• _Work to be completed_
Take the lines from the one with "Max studio Grey" through the last line of the material below and write them out exactly, without any pictures.

□ □ □ □

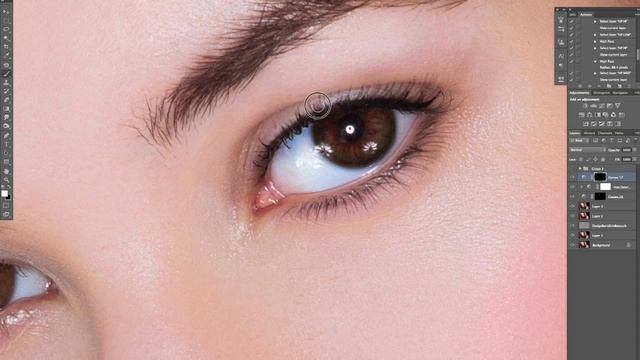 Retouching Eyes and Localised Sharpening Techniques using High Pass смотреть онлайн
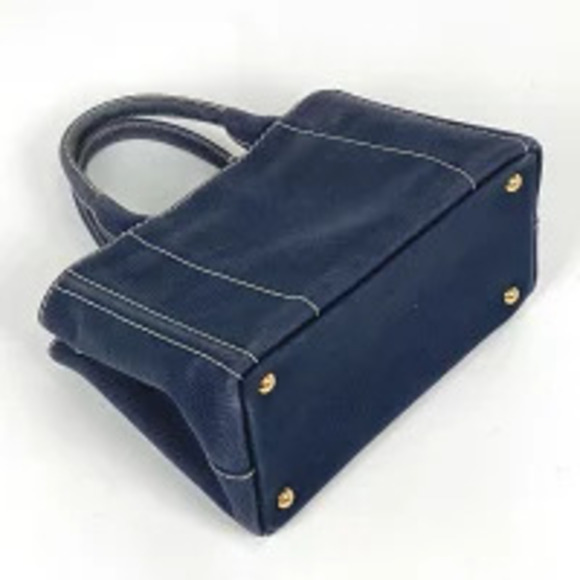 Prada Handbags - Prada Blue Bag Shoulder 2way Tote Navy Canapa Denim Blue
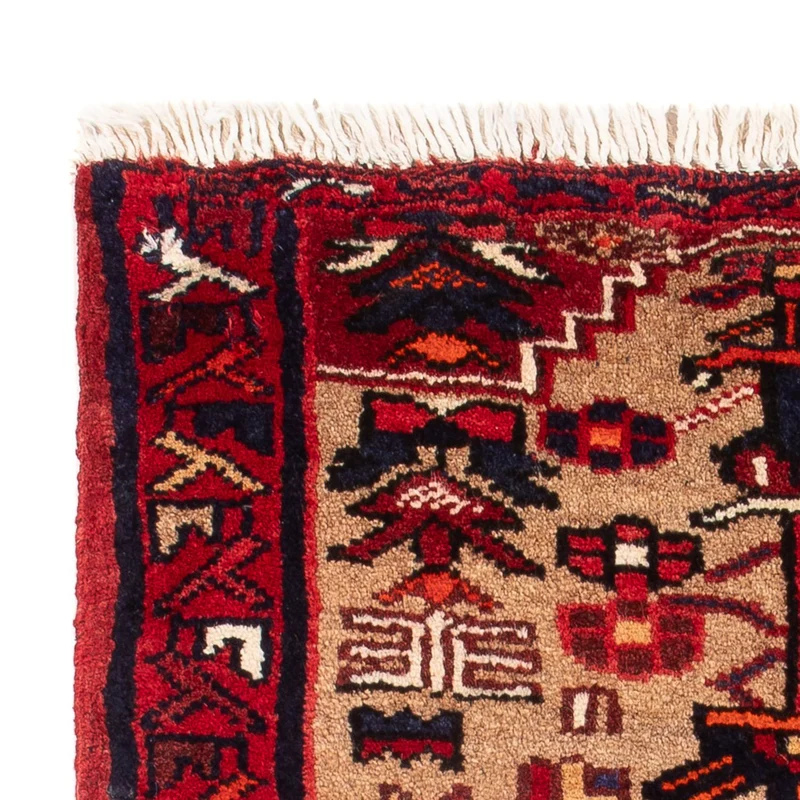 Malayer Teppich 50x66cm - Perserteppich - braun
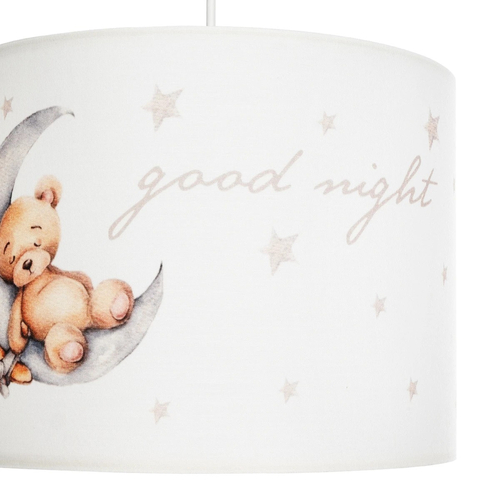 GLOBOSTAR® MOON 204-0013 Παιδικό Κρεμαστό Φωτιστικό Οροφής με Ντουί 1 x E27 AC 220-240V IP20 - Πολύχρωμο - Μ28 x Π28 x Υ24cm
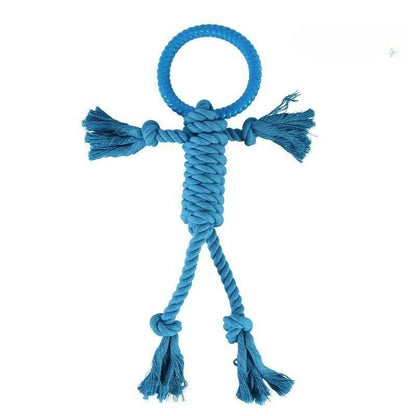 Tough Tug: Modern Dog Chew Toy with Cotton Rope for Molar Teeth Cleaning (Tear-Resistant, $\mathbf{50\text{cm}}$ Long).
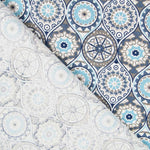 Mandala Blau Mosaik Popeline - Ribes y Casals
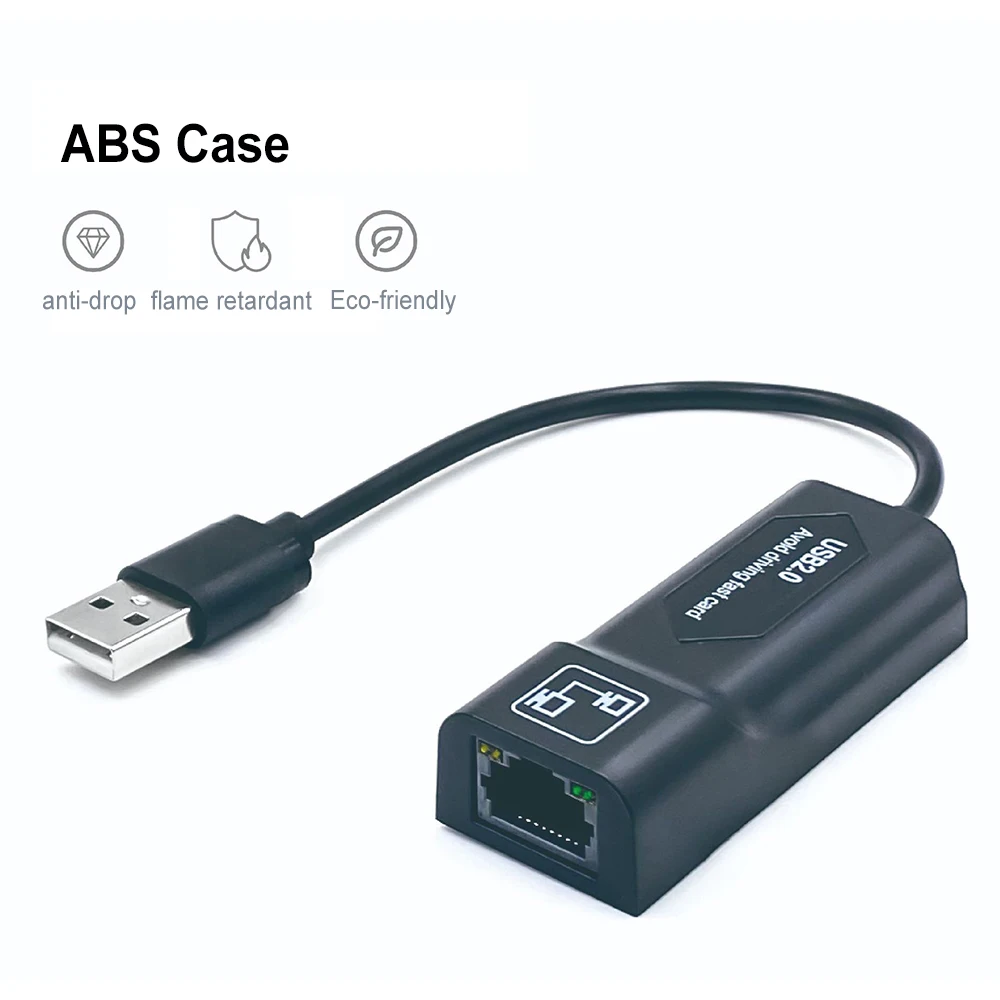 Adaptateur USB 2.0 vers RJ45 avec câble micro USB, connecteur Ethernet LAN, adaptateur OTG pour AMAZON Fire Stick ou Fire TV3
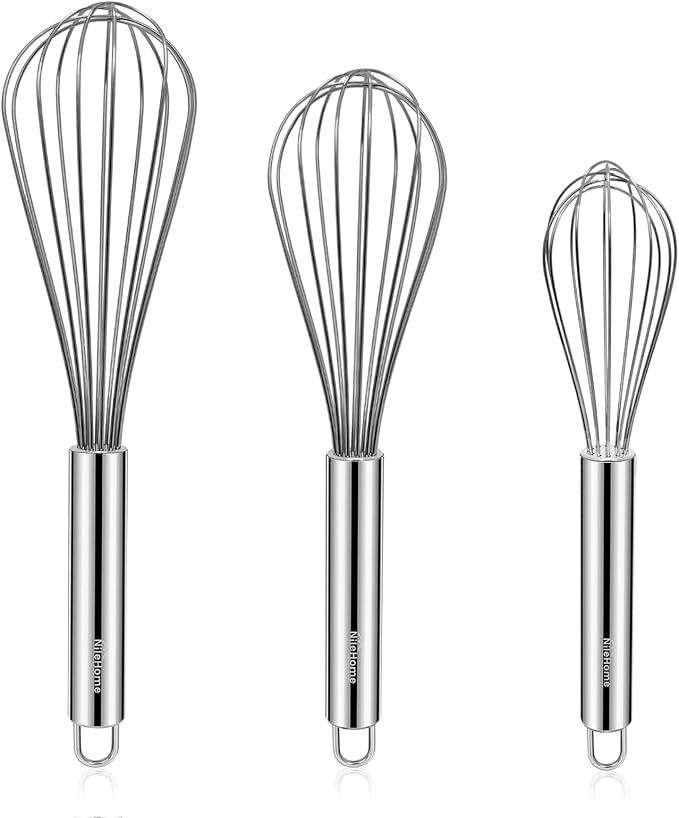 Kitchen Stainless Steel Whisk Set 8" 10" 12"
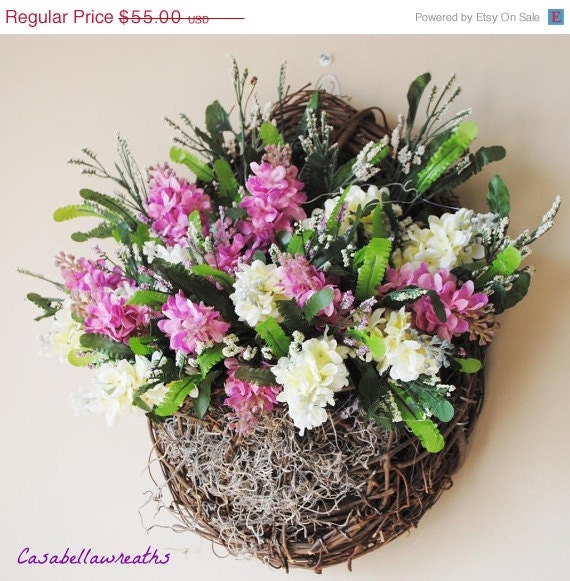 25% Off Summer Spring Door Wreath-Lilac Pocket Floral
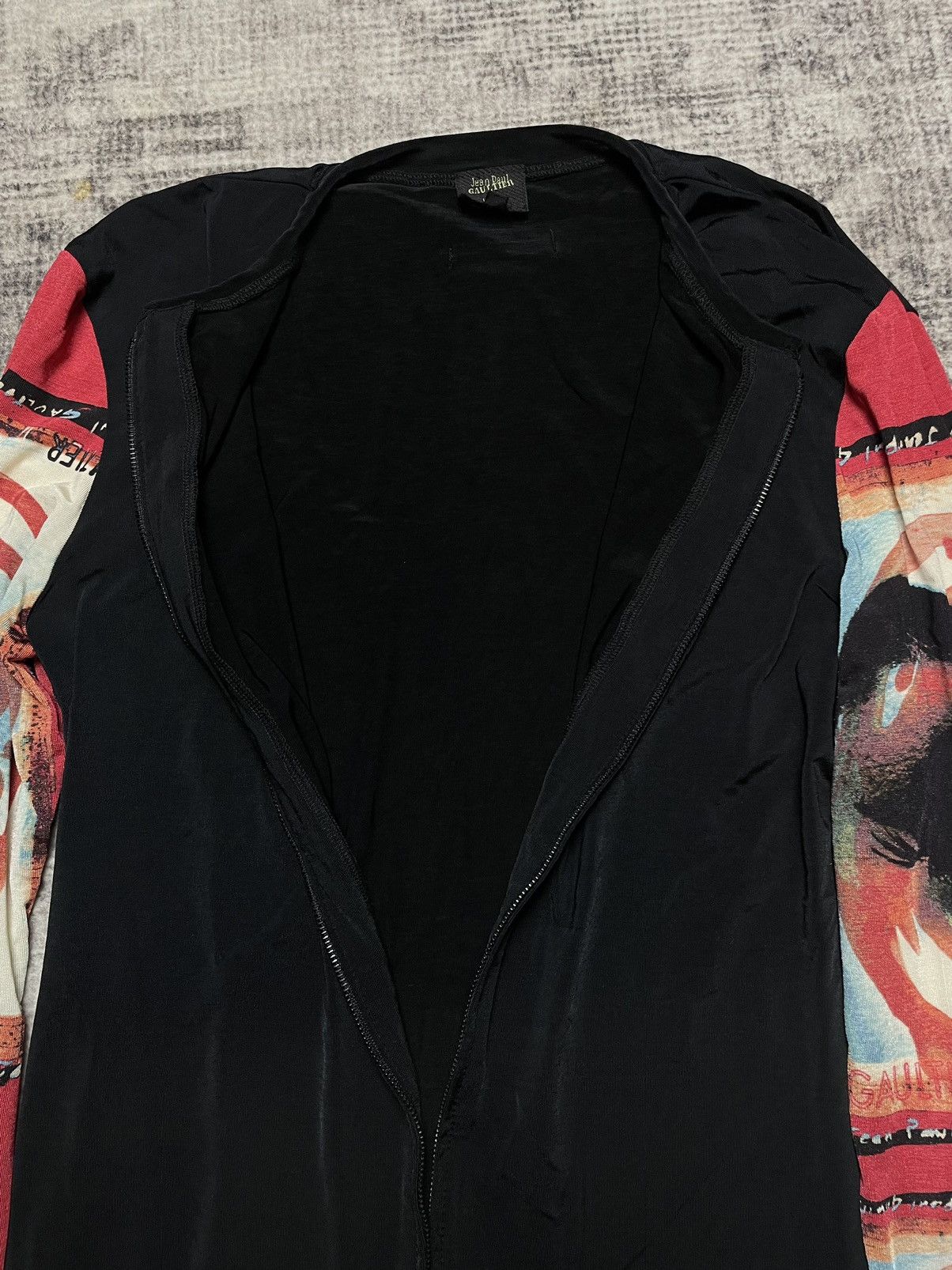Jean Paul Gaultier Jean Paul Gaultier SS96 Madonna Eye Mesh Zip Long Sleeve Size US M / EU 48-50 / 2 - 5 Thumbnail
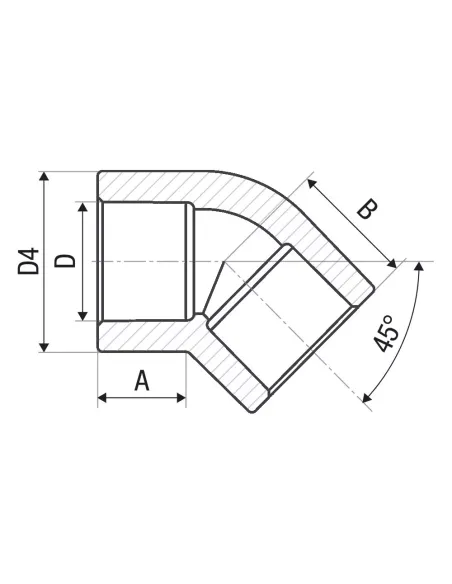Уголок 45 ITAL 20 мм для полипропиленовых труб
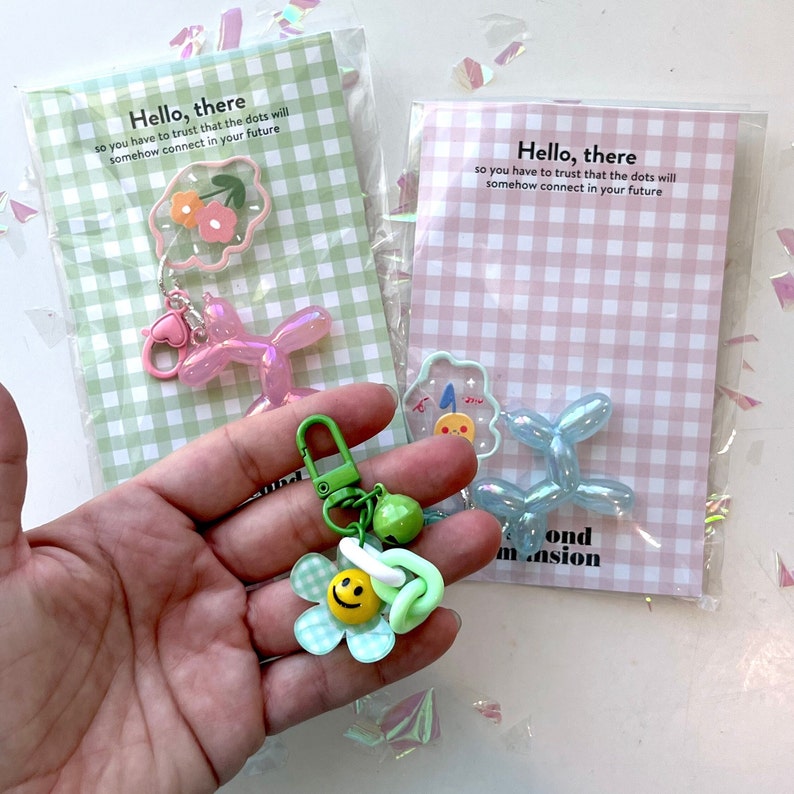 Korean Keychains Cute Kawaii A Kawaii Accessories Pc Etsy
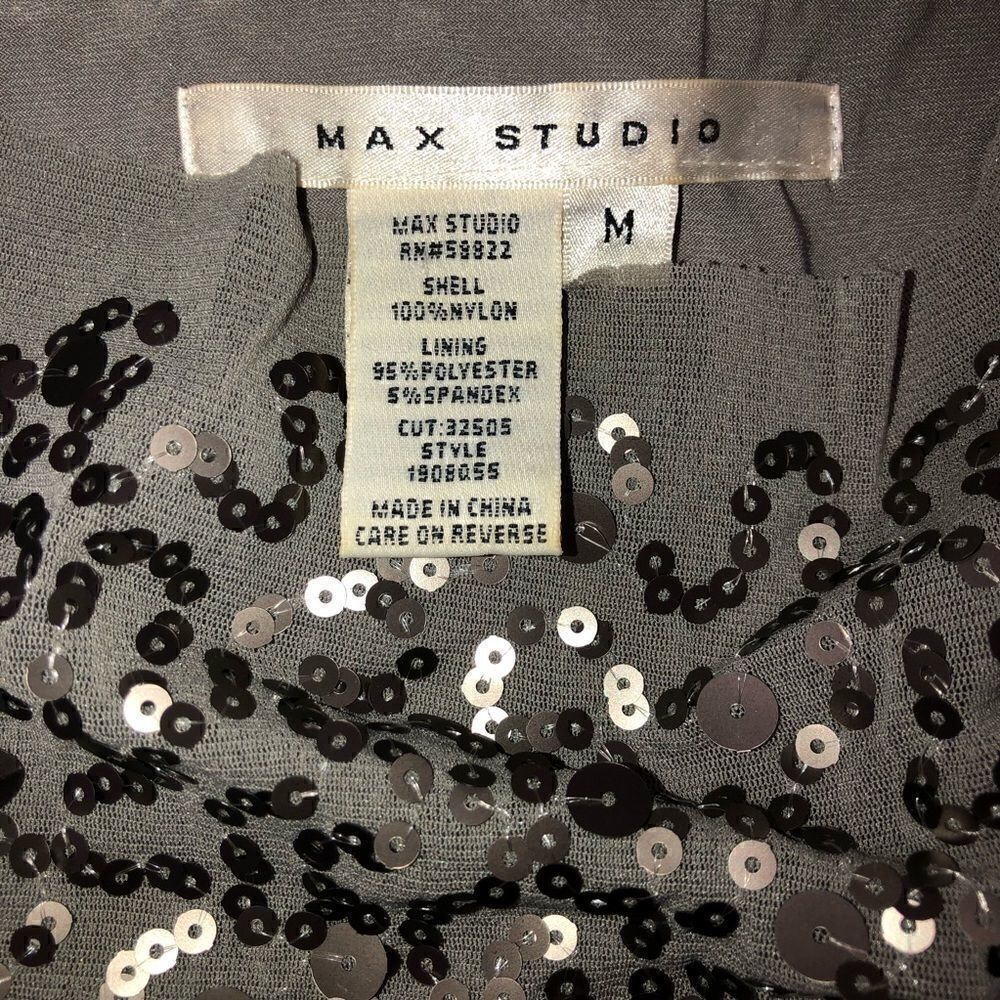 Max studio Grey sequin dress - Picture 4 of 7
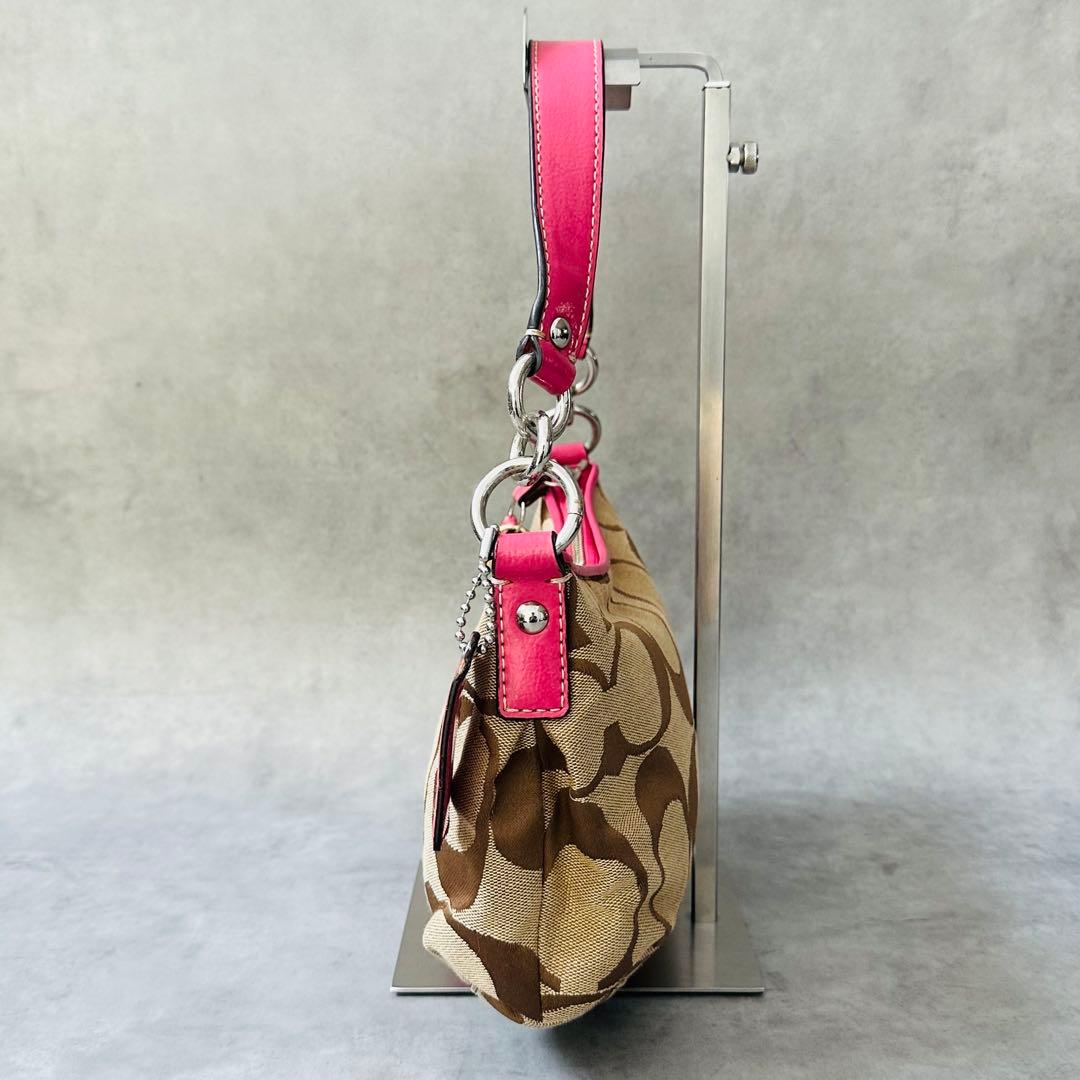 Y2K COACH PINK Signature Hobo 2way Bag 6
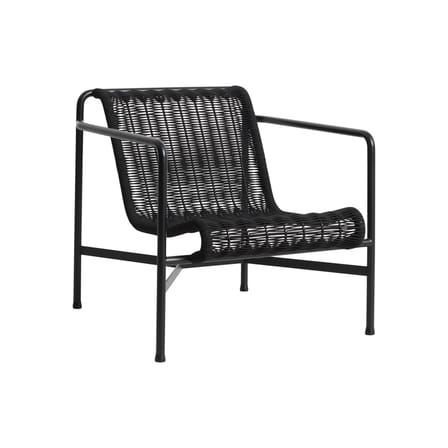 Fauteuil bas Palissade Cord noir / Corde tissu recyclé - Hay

□ □ □ □

• _Answer below_
 Max studio Grey sequin dress - Picture 4 of 7
 Y2K COACH PINK Signature Hobo 2way Bag 6
 Fauteuil bas Palissade Cord noir / Corde tissu recyclé - Hay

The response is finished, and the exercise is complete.